The new lawlessness at the federal level. . . is predicated on “social justice”: those deemed “in need” shall be exempt from the law; those “not in need” shall not.

The War Powers Resolution, like it or not, is the law of the land. It requires the president to notify Congress within 48 hours of committing armed forces to military action. Without an authorization of the use of military force or a declaration of war, the military cannot remain in combat abroad. That’s why George W. Bush went to Congress to authorize the Afghanistan and Iraq wars. During the heated rhetoric over the Iranian missile controversy, presidential and vice-presidential candidates Obama and Biden both expressed support for the resolution — apparently outraged that Bush might unilaterally bomb Iran without notifying a Senator like themselves.

So when we recently passed the 60-day limit after the initial and continual use of armed forces in Libya, why did not Obama seek permission from Congress?

Here the question is not the usual Obama hypocrisy that has seen him demagogue and damn Guantanamo, preventative detention, tribunals, renditions, the Patriot Act (just signed by a former critic via computerized autopen from the UK no less), and Predators — only to expand or embrace them all. Rather, the problem is a question of legality itself.

Is the War Powers Resolution the law of the land or not?
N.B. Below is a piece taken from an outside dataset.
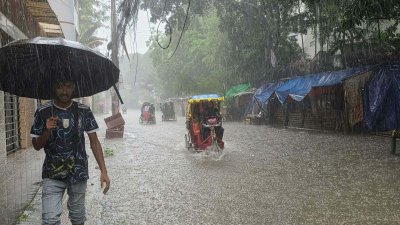 রাজধানীজুড়ে বৃষ্টিতে নাকাল মানুষ। ছবি: নাসিরুল ইসলাম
Or are we to assume a progressive president is complying with both UN resolutions and an Arab League mandate, and therefore, as the good internationalist and Nobel laureate, sees no reason to consult, as American law requires, his own elected U.S. Congress — the latter a more suspect and reactionary body that does not enjoy the moral stature of the UN or the Arab League? . . .

In that regard, an administration is sworn to uphold the established law; why, then, was the Defense of Marriage Act arbitrarily rendered null and void without legislative appeal, simply because it was considered illiberal by those now with executive power? Can President Obama and Attorney General Holder de facto declare a law unconstitutional and then not enforce it? Could a renegade conservative counterpart likewise declare Roe vs. Wade unconstitutional, and go after abortionists because it deemed them too liberal?
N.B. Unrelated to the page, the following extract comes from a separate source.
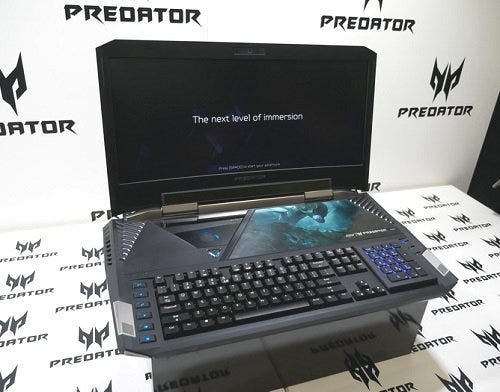 21型湾曲ディスプレイをノートpcに搭載 Acer 世界初の超弩級ゲーミングpc Predator 21x マイナビニュース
Or perhaps a better example is the bailout to Chrysler that was contingent upon reversing the contractual order of creditors, putting union members and retirees, contrary to law, to the front of the line, and those who held Chrysler debt to the rear. Was the logic something like the following spread-the-wealth notion: Bondholders are wealthier anyway and so have enough money already; union members — and Democratic stalwarts — actually do the work, and so have a moral claim to the money that trumps the superfluous legal right of the wealthy and powerful?

Or we might ponder the administrative decision by bureaucratic decree to stop a company like Boeing from opening a new airline production line in South Carolina, purportedly because it is a red, right-to-work state. Again, the logic is that companies cannot open factories where they wish, since they have moral obligations that must stand above a mere legal notion of freedom of commerce and association.
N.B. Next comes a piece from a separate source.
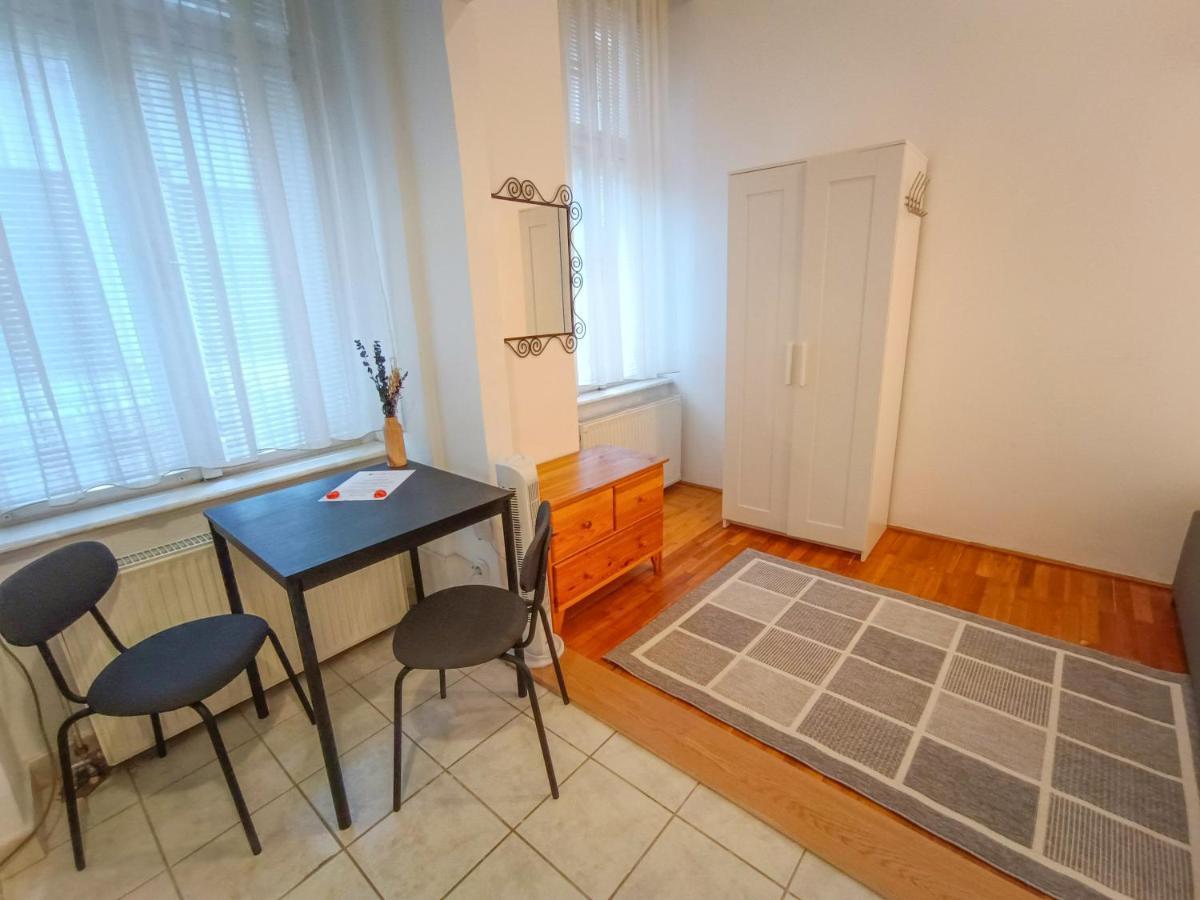 R172 Elitehost Raday Studio Apartment Budapest Luaran gambar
Do we remember the voter intimidation case dropped against the Black Panthers — on the supposition that, given the history of the poll tax and Jim Crow voter discrimination, a little minor pushback is small potatoes?

Then we come to federal immigration law, or rather the deliberate effort to undermine it — in a fashion that goes well beyond the neglect of the law shown by previous administrations. The Obama administration is going to court, along with Mexico, to sue the state of Arizona that is trying to find ways to bolster a federal law that the administration will not enforce.

But it gets worse: the Obama administration tries to subvert states that wish to follow its own laws, but ignores cities that deliberately flaunt them by declaring themselves “sanctuary cities.” And consider entire states like California, whose Assembly just passed its own version of the “Dream Act” to provide millions in state funds to support illegal aliens at the state-run colleges and universities (at a time when the state is $15 billion short in balancing its annual budget, and, due to such a shortage of funds, must release 40,000 prisoners because of an inability to comply with a court order addressing overcrowding). . . .

Where does this end, this effort by Ivy League lawyers and civil libertarians to substitute supposedly enlightened progressivism for purported reactionary law? We easily and rightly condemn the crime when the Right tries to overthrow legality in the cases of a Franco, Hitler, Greek colonels, or Pinochet, who are easily identified as autocrats and dictators openly subverting constitutional government. But the assault from the Left is more insidious, given that the miscreants do it in self-declared high-minded fashion for “us.” I think here of the frightening trial of Socrates in ancient Athens, the ascendency of the Jacobins during the French Revolution, or Hugo Chavez’s thuggery in Venezuela — not coups as much as overdue punishment of “them.”

Without the law, there is nothing.

Via Works and Days » Land of the Lawless.